Planes, perfectionism, and prostitution laws

Lakehead graduate students present research-in-progress

Erin Collins and Caroline Cox
News Editor and Copy Editor

The Graduate Student Conference, part of Research and Innovation Week, gave Masters’ students and PhD candidates the opportunity to showcase their work while gaining professional experience for careers in academics.

The conference took place on Feb. 13 and 14. All participants presented their papers on the first day; their research was judged by a member of their faculty and a winner was chosen from each program.

The winners presented the second day in a Best of the Best competition.

One of the first up was Greg Togtema , MSc Engineering student. Interested in radar systems and the ability of military aircrafts to evade them, Togtema aspired to model the reflectivity of airplanes to better understand their interactions with radar radio waves.

Later, MA Sociology Vanessa Lucky presented on Canada’s prostitution laws, titled, “In for a Penny, in for a Pound.”

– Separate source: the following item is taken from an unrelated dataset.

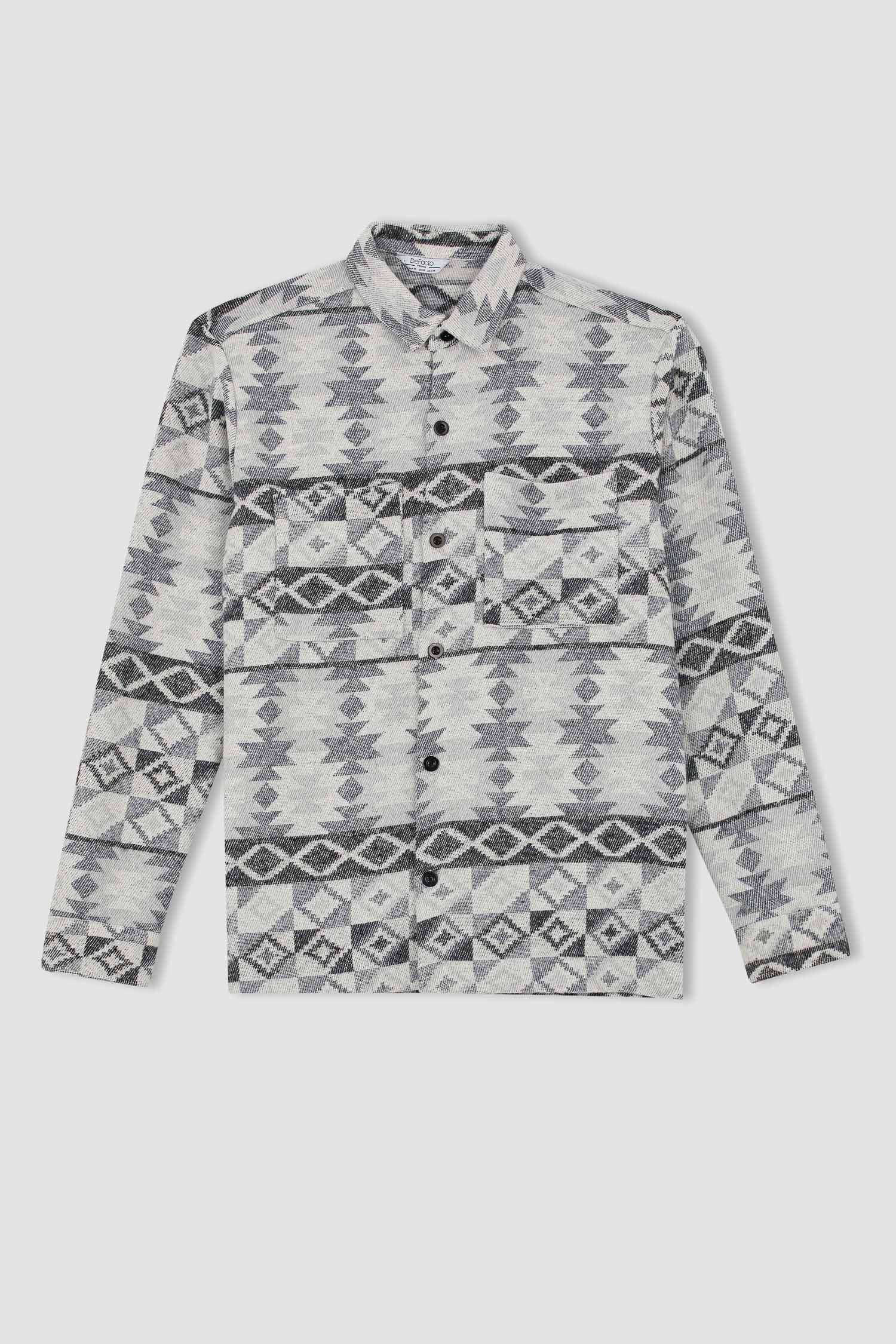 Defacto Regular Fit Etnik Desenli Oduncu Uzun Kollu Gömlek. 7 Defacto Regular Fit Etnik Desenli Oduncu Uzun Kollu Gömlek. 7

“Prostitution is not illegal in Canada,” started Lucky, “rather, virtually all activities surrounding prostitution are prohibited by various sections of the criminal code.”

Lucky’s project addressed how these prohibitions were being questioned, and made reference to a past case within which three sex trade workers had challenged their constitutionality. She is particularly interested in the role of expert witnesses and the role of religious intervention.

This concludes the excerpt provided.